Odwołali walkę, bo polski zawodnik nie umiał założyć rękawic. Rywal kpi: "Wystraszył się"

Zdjęcie okładkowe artykułu:  / oktagon MMA
/ oktagon MMA
zdjęcie autora artykułu

Fighter, który nie wszedł do oktagonu, tłumaczy, że powodem było duże nawodnienie organizmu. Sprawa budzi jednak kontrowersje.

Podczas sobotniej gali MMA Spartan Fight 6 w płockiej Orlen Arenie doszło do niecodziennej sytuacji. W pojedynku z karty wstępnej mieli zmierzyć się Denis Górniak i Mariusz Galant. Krótko przed walką okazało się, że nie dojdzie ona do skutku. Powodem - jak podano - były niedopasowane rękawice Galanta.

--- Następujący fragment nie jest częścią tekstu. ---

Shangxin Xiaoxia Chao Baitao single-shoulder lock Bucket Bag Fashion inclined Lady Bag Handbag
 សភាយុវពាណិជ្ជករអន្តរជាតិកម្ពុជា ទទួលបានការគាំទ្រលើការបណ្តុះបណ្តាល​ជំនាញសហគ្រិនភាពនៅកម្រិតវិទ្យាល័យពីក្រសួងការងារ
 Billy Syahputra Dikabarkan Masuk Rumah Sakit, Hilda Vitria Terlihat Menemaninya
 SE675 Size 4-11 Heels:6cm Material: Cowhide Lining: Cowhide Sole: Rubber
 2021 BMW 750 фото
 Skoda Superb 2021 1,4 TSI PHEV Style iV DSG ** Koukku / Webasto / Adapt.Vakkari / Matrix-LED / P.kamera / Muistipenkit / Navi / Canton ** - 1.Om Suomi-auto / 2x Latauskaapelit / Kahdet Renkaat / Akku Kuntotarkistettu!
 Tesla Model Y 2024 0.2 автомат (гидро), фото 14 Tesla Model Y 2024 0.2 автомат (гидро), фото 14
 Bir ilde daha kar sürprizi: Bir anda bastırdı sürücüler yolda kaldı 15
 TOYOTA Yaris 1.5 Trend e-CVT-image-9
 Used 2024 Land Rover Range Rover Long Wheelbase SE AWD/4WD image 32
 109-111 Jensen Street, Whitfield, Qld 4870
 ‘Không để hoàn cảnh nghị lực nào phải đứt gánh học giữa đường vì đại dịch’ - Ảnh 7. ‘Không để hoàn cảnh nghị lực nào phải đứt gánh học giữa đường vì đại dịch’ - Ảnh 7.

- Powodem odwołania był fakt, iż Mariusz Galant nie był w stanie założyć rękawic. Mariusz dzień przed galą mierzył rękawice jak wszyscy zawodnicy i wszystko było w porządku. W dniu gali jednak rękawice już nie pasowały. Jak informował sam zawodnik przyczyną było duże nawodnienie organizmu. Dostarczaliśmy zawodnikowi różne rękawice, jednak w żadnych nie był w stanie wyjść do walki - czytamy w oficjalnej notce prasowej organizatorów płockiej gali.

Sprawa budzi jednak sporo kontrowersji. Górniak w rozmowie z portalem mmanews.pl relacjonował, co wydarzyło się w Płocku.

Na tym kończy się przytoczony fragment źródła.